A rigorous evaluation of the AIS-TGNN Framework revealed an exceptionally high Directional Consistency of 99.6%. This metric demonstrates a strong correlation between the explanations generated by the model and the actual factors influencing its predictions. Essentially, the system doesn’t just state what drove a decision; it accurately reflects the underlying reasoning process. This level of fidelity is crucial for building trust in artificial intelligence systems, allowing stakeholders to confidently interpret insights and utilize them for informed decision-making in critical applications. The result suggests a robust and transparent framework where explanations are not merely post-hoc justifications, but faithful representations of the model’s internal logic.
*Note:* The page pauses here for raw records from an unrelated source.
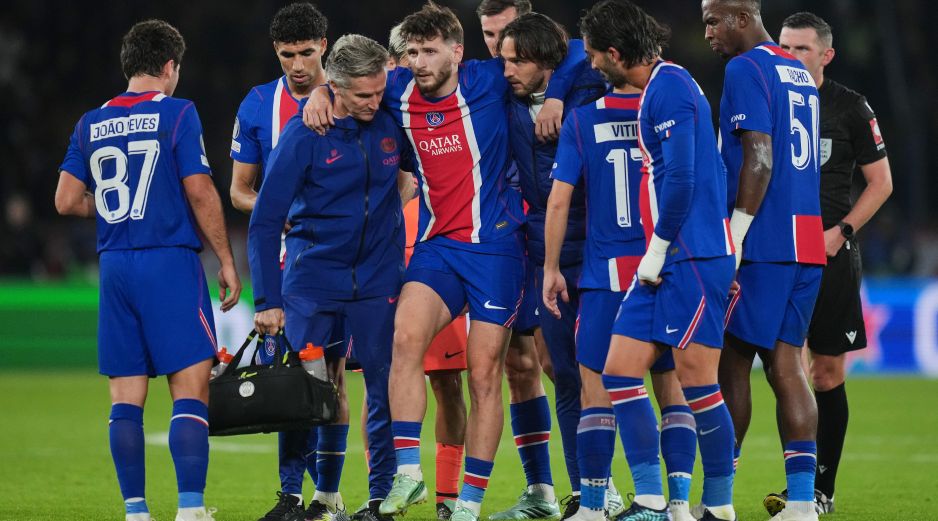 Khvicha Kvaratskhelia sufrió una rotura del ligamento cruzado anterior de la rodilla derecha durante el partido del PSG contra el Barcelona. AP / T. Camus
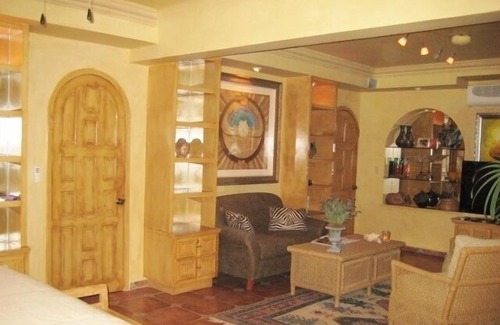 South Shore Hotel Area Villa | Luxurious Beachfront Villa, 3 Master Suites, Spectacular Views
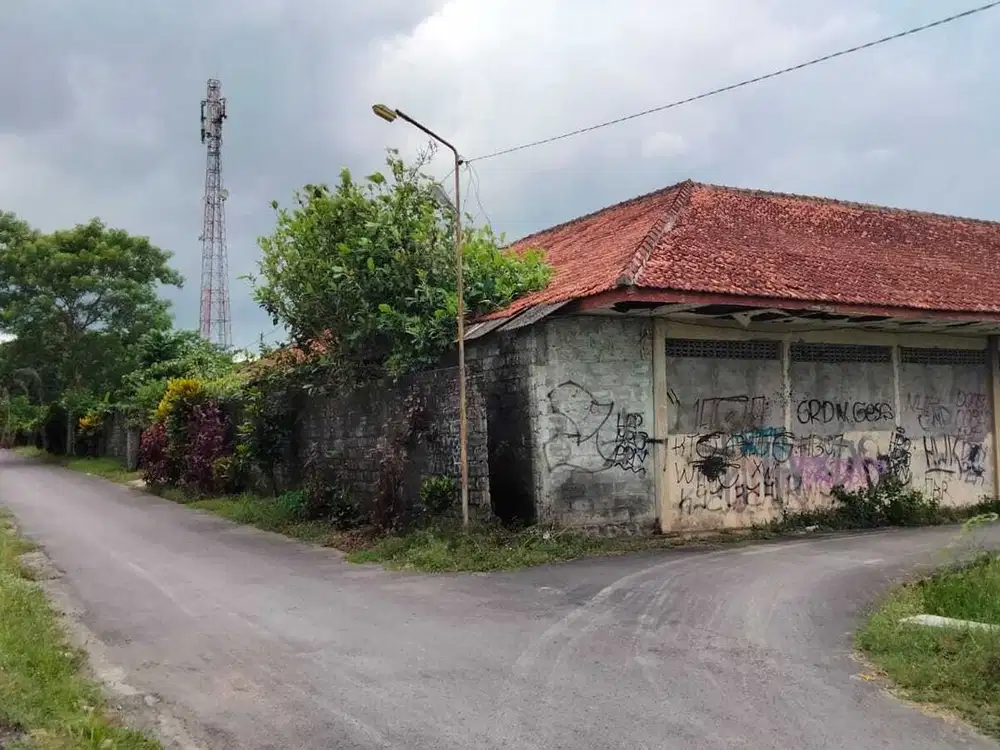 Tanah pekarangan untuk gudang & perum di karanganom klaten jawa tengah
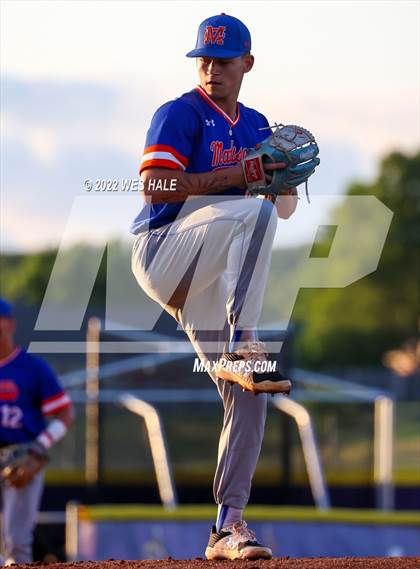 Thumbnail 3 in Madison Central vs. DeSoto Central photogallery.
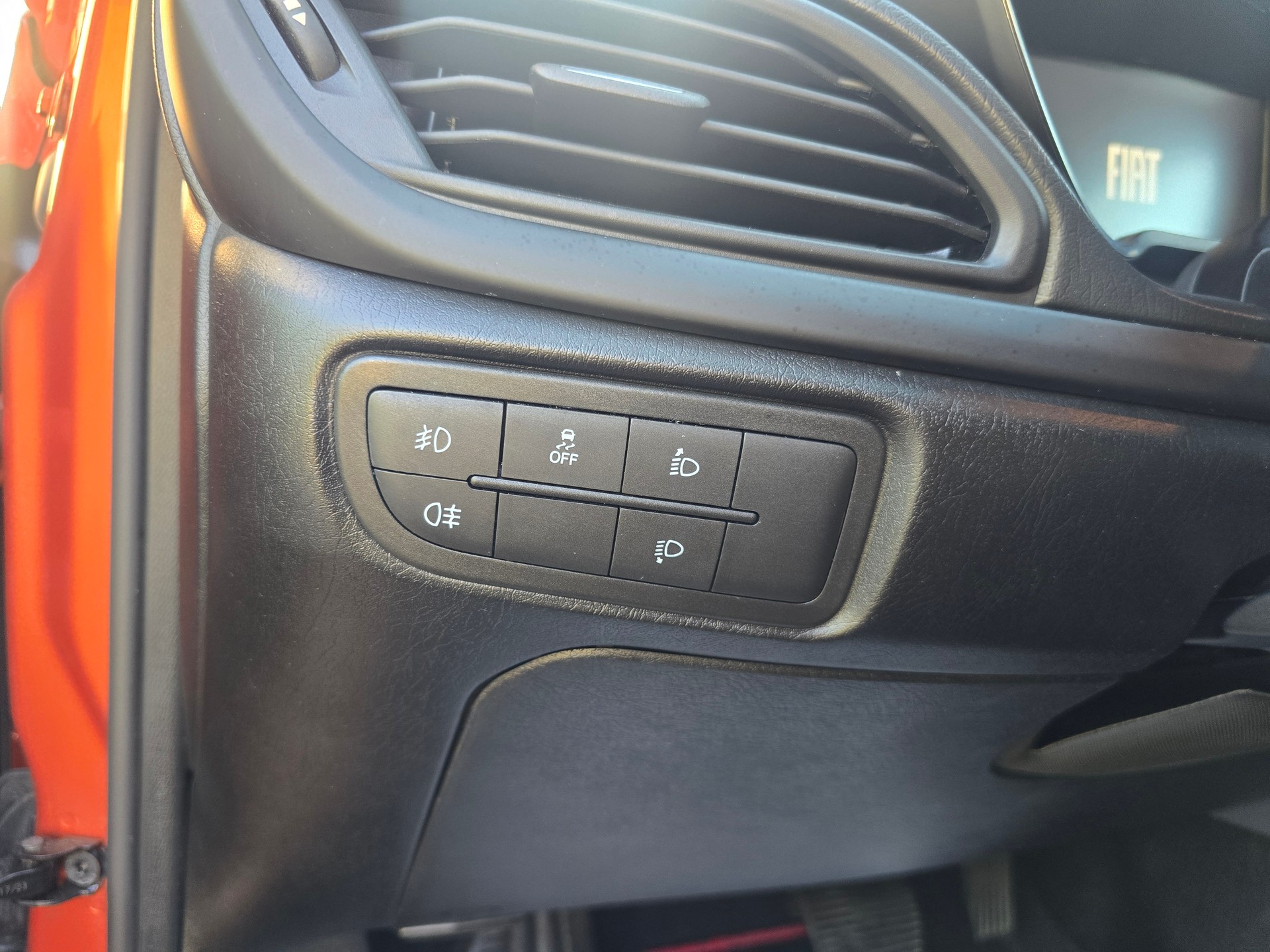 FIAT Tipo 1.5 Hybrid Station Wagon City Life-image-19
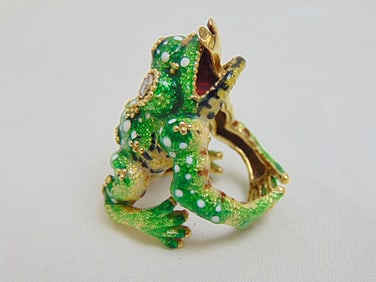 Jewelry. 18kt yellow gold enamel Frog ring diamond eyes, 26.70 grams, size 6, tested for 18k,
The AIS-TGNN Framework’s reliability fosters confidence among those utilizing its insights for critical decision-making. A system capable of consistently aligning its explanations with the data driving its predictions minimizes the risk of acting on misleading or fabricated justifications. This transparency is paramount in fields where accountability and understanding are crucial; stakeholders can not only observe what a prediction is, but also confidently grasp why it was made. Ultimately, the framework’s faithfulness empowers users to integrate its outputs into complex workflows, enabling data-driven strategies with assurance and informed judgment, rather than relying on opaque algorithmic outputs.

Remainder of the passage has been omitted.